- Born: 1948 or 1949 (age 76–77)
- Education: University of Saskatchewan (BCom) University of Pittsburgh (MBA)
- Occupation: Businessman
- Title: Chairman, U.S. Steel
- Term: January 2014-
- Predecessor: John P. Surma
- Board member of: U.S. Steel (since 2008) GATX Imperial Oil

= David S. Sutherland =

American businessman

David S. Sutherland (born 1948/1949) is an American businessman, and the non-executive chairman of U.S. Steel, since January 2014, when he succeeded John P. Surma.

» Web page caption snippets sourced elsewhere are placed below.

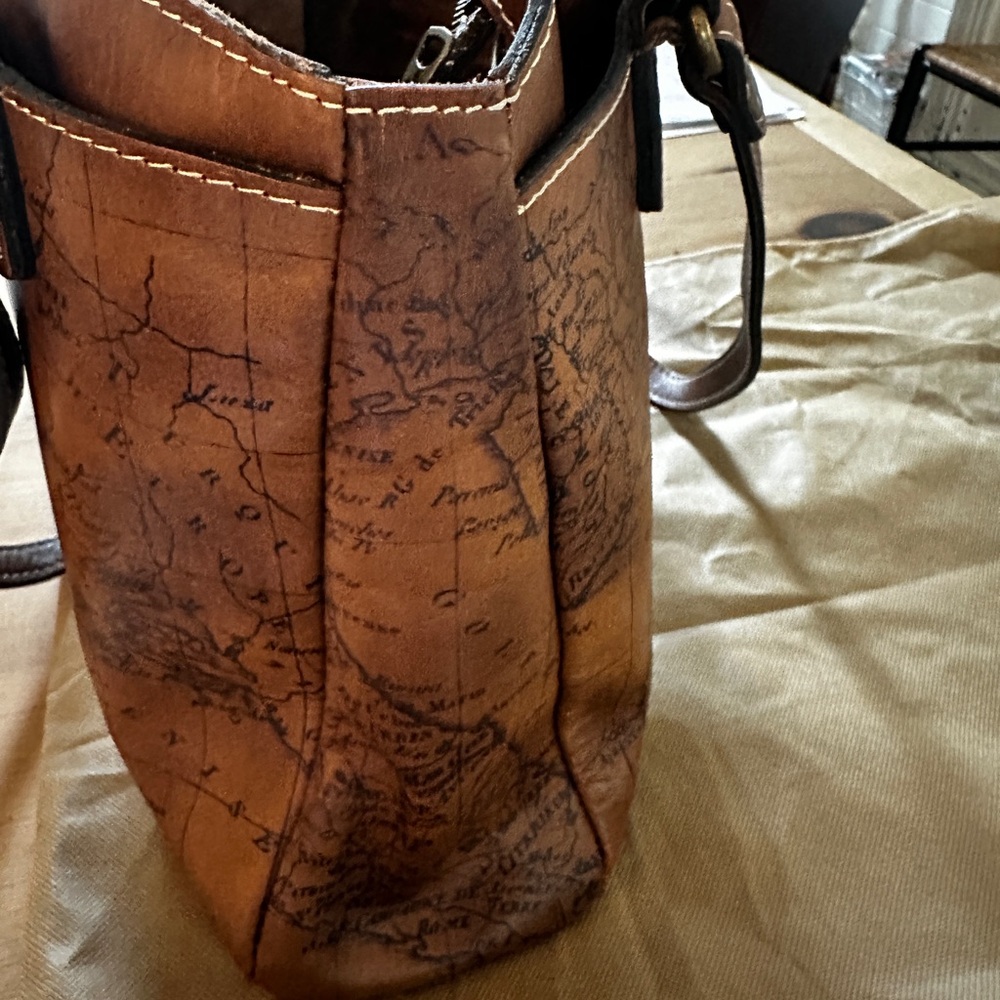 Poppy Top Zip Tote Signature Map Bag - Picture 7 of 15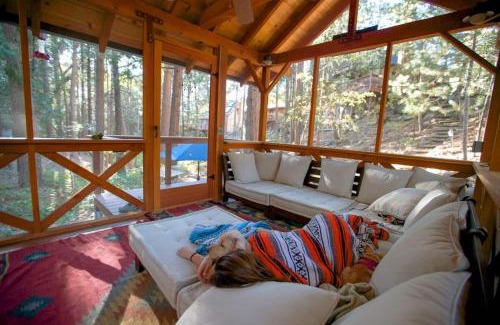 Idyllwild House | Idyllbrookbrookside Gazeboev Chargeracpet Ok!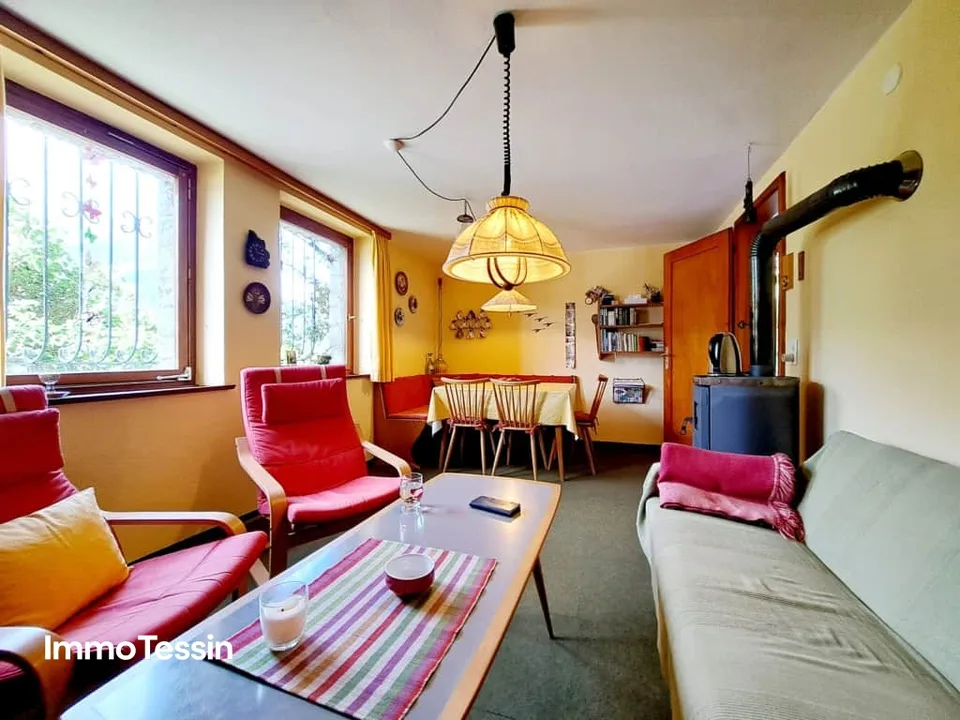 Charmantes Haus an ruhiger Lage mit Garten & Terrasse mit fantastischem Blick in die Tessiner Bergwelt – Foto 7 von 13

Sutherland received a Bachelor of Commerce from the University of Saskatchewan in Canada and a Master of Business Administration from the University of Pittsburgh.

Sutherland worked for 30 years for IPSCO Steel, the last five as president and CEO. In 2008, Sutherland became a main board director of U.S. Steel. In January 2014, he succeeded John P. Surma as chairman of U.S. Steel.

He also served as chairman of the American Iron and Steel Institute and held board memberships at the Steel Manufacturers Association, the International Iron and Steel Institute, the Canadian Steel Producers Association, and the National Association of Manufacturers.

Sutherland is also a director at GATX and Imperial Oil.